The neural networks coded by human scientists are often the result of trial and error. There is little theory to what does and doesn’t work, and no guarantee that the best designs have been found. That’s why automating the hunt for better neural-network designs has been one of the hottest topics in AI since at least the 1980s. The most common way to automate the process is to let an AI generate many possible network designs, and let the network automatically try each of them and choose the best ones. This is commonly known as neuro-evolution or neural architecture search (NAS).
In the last few years, these machine designs have started to outstrip human ones. In 2018, Esteban Real and his colleagues at Google used NAS to generate a neural network for image recognition that beat the best human-designed networks at the time. That was an eye-opener.
The 2018 system is part of an ongoing Google project called AutoML, which has also used NAS to produce EfficientNets, a family of deep-learning models that are more efficient than human-designed ones, achieving high levels of accuracy on image-recognition tasks with smaller, faster models.
Three years on, Real is pushing the boundaries of what can be generated from scratch. The earlier systems just rearranged tried and tested neural-network pieces, such as existing types of layers or components. “We could expect a good answer,” he says.
Last year Real and his team took the training wheels off. The new system, called AutoML Zero, tries to build an AI from the ground up using nothing but the most basic mathematical concepts that govern machine learning.
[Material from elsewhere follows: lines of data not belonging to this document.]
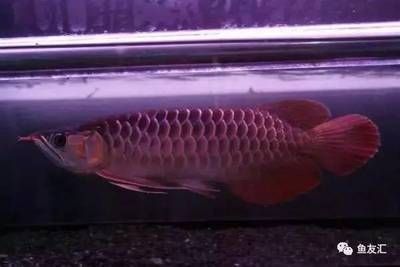 可麗愛魚缸1萬多還不是超白（可麗愛魚缸1萬多還不是超白玻璃） 魚缸百科 第4張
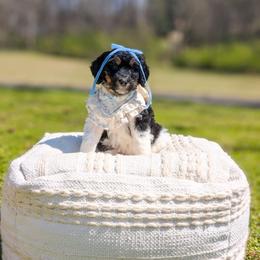 AJ Ferguson - Tri-color female Bernedoodle puppy in Whitesburg, Georgia from Asbury & Co Farms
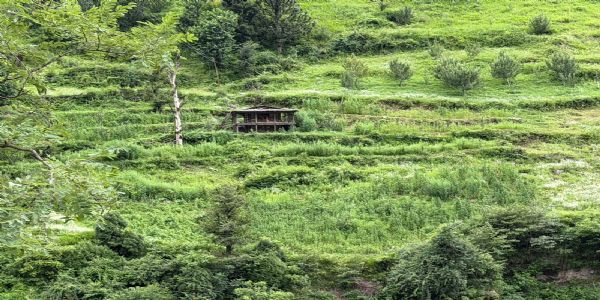 शिमला के डोडरा क्वार में अवैध भांग की खेती का पर्दाफाश, 2,860 पौधे मिले, दो मामले दर्ज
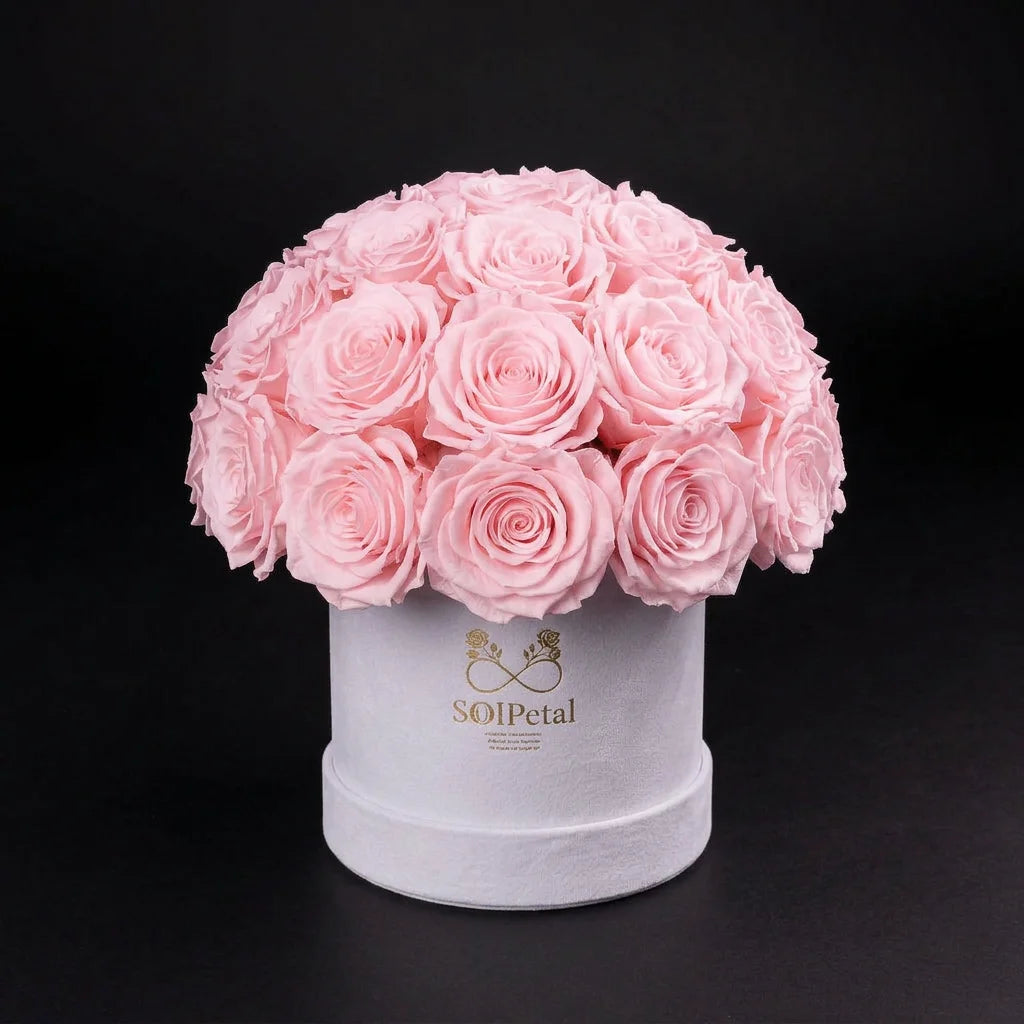 Eternal Roses - Small Dome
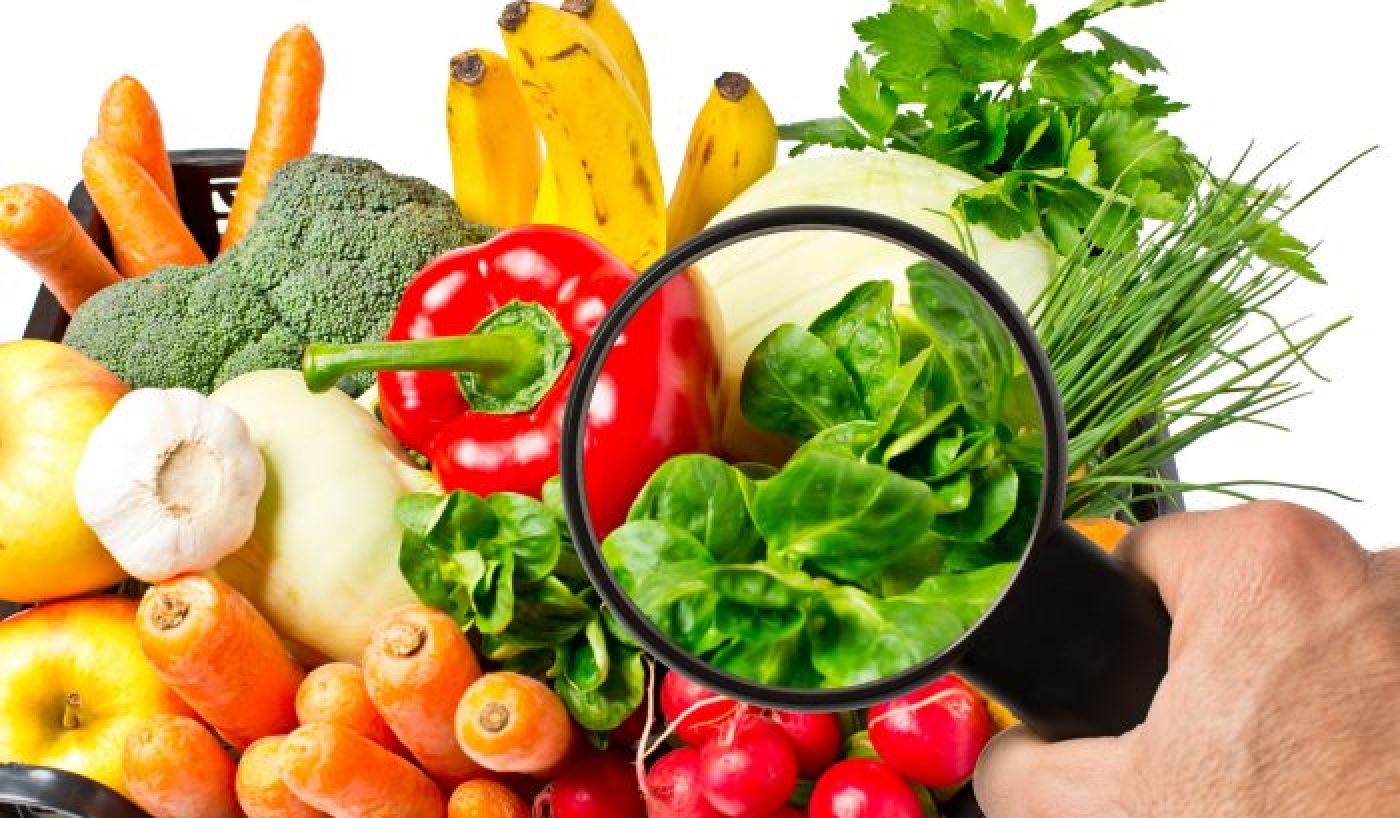 Ankara Üniversitesi Gıda Güvenliği Enstitüsü İsim ve Logosunun İzinsiz Kullanımı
Amazingly, not only did AutoML Zero spontaneously build a neural network, but it came up with gradient descent, the most common mathematical technique that human designers use to train a network. “I was quite surprised,” says Real. “It’s a very simple algorithm—it takes like six lines of code—but it wrote the exact six lines.”
AutoML Zero is not yet generating architectures that rival the performance of human-designed systems—or indeed doing much that a human designer would not have done. But Real believes it could one day.
Time to train a new kind of teacher
First you make a brain; then you have to teach it. But machine brains don’t learn the way ours do. Our brains are fantastic at adapting to new environments and new tasks. Today’s AIs can solve challenges under certain conditions but fail when those conditions change even a little. This inflexibility is hampering the quest to create more generalizable AI that can be useful across a wide range of scenarios, which would be a big step toward making them truly intelligent.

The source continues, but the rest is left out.